To receive funding, states needed to submit a plan to the Commissioner of Education that demonstrated how the funds would be used, whether for library personnel, books, or equipment. Thus, making state and local governments prioritize the improvement of their libraries while also establishing their own initiatives and objectives. Since federal government was not favorably looked upon at the time, the law stated multiple times the state’s authority regarding any decisions toward the library’s goals, management, or collection.

However, up until 1961, Indiana was the only state that did not accept federal funds. Governor Harold Handley believed that by accepting the funds, “Hoosiers would be brainwashed with books handpicked by the Washington bureaucrats.” U.S. Representative John Brademas of Indiana vehemently disagreed. It was reported that Gov. Handley rejected approximately $700,000 to improve the library services.

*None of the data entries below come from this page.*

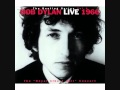 Bob Dylan - Just Like A Woman - The Bootleg Series, Vol. 4 : Bob Dylan Live 1966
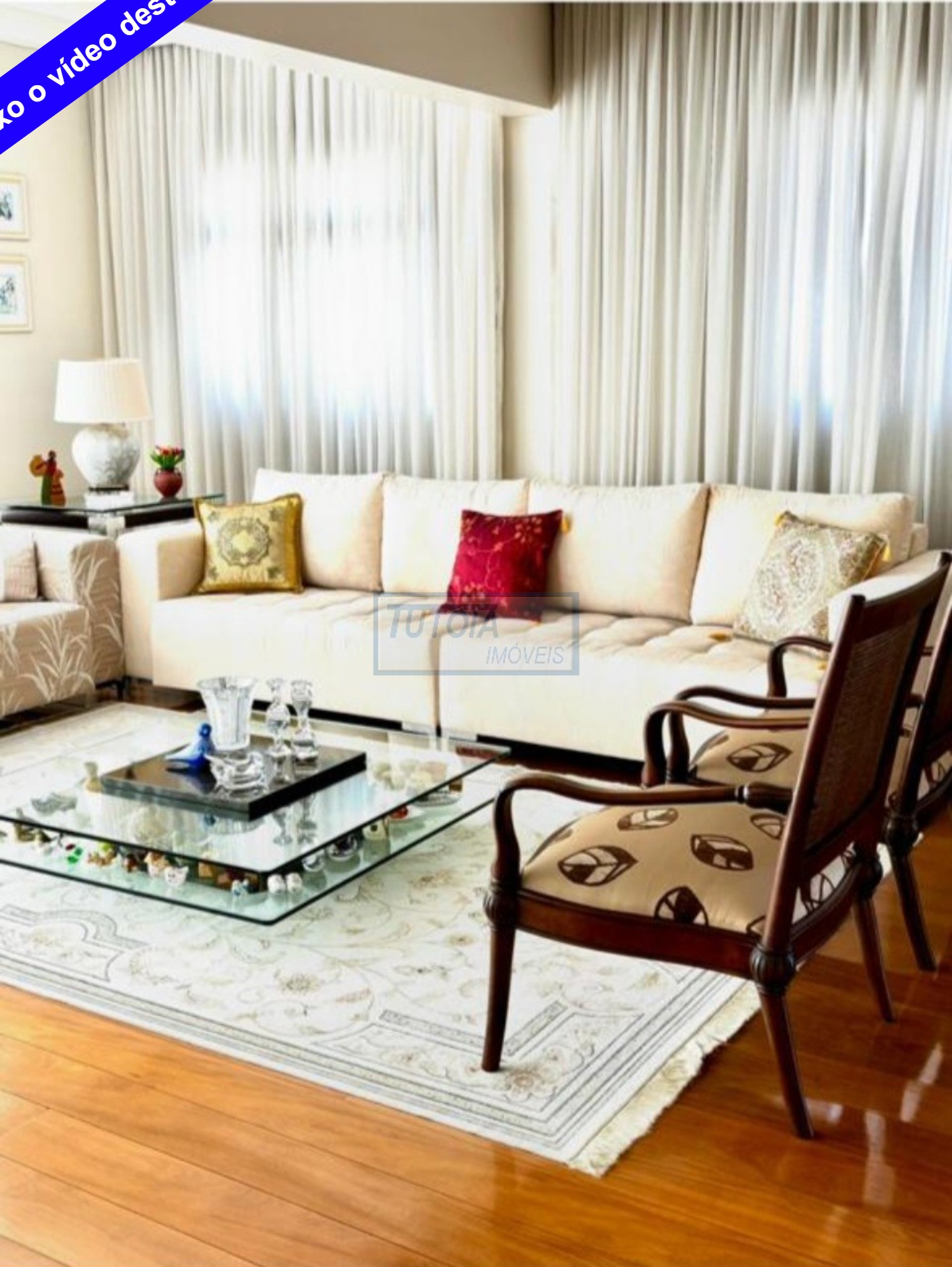 Apartamento, 4 quartos, 425 m² - Foto 1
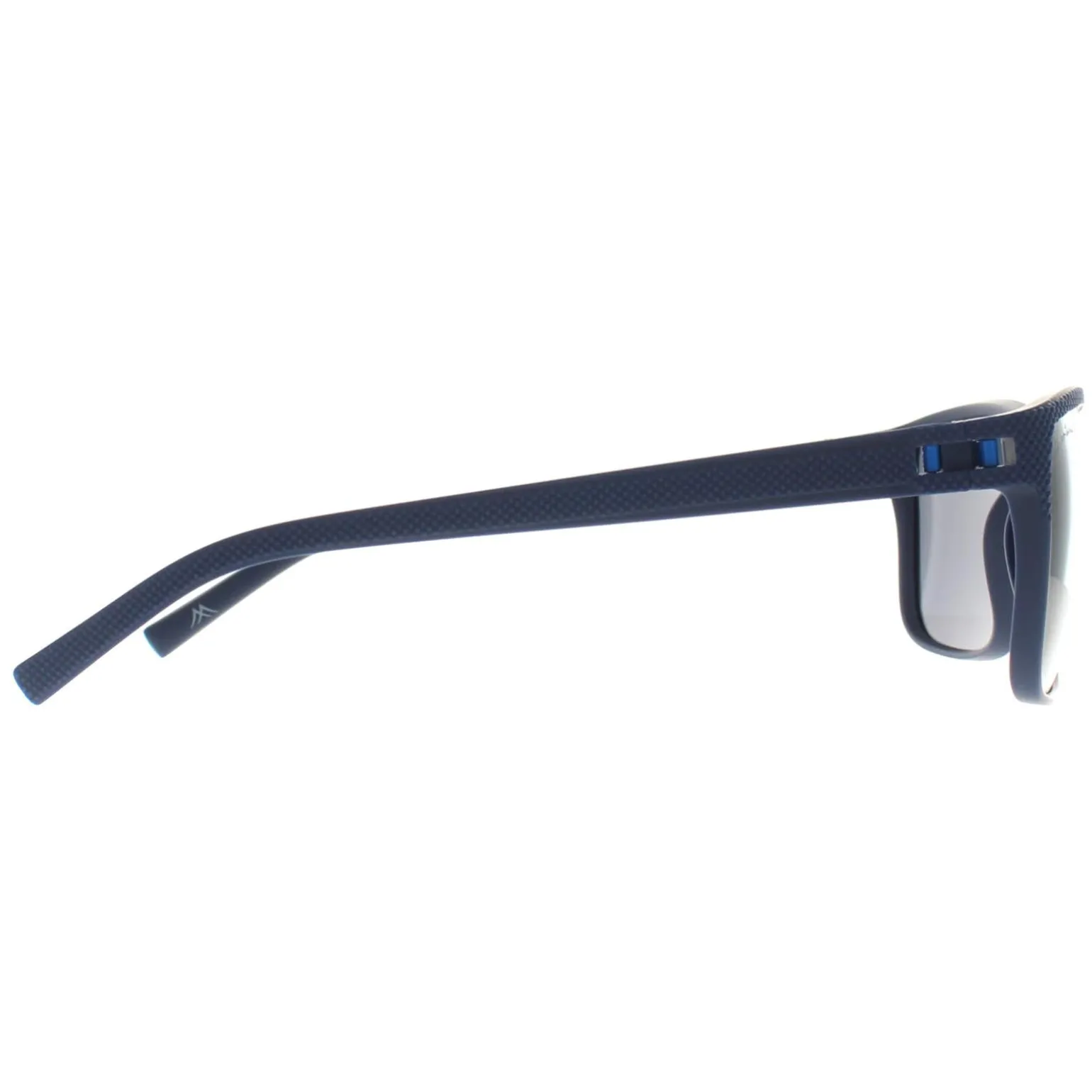 Montana Sunglasses MP198 C Dark Blue Smoke Polarized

Overall, the LSA had a major positive impact on libraries throughout the rest of the country. An additional 5 million books and other informational and educational materials were secured for rural communities. Many libraries noted a 40% or more increase in book circulation as well, along with a 32% increase in interlibrary loans.

Other accomplishments included 288 bookmobiles for rural communities and 800 new library staff members. Multitype and public library systems were established due to the LSA as well. When the Library Services and Construction Act became effective in 1964, the formation of regional and statewide library networks continued to grow.

The LSA was set to expire in 1961, but plans were already in motion to prolong the act. On May 26, 1960, the Senate passed a five-year extension without a single opposing vote.

Only a few years later, the Library Services and Construction Act would be introduced replacing the Library Services Act.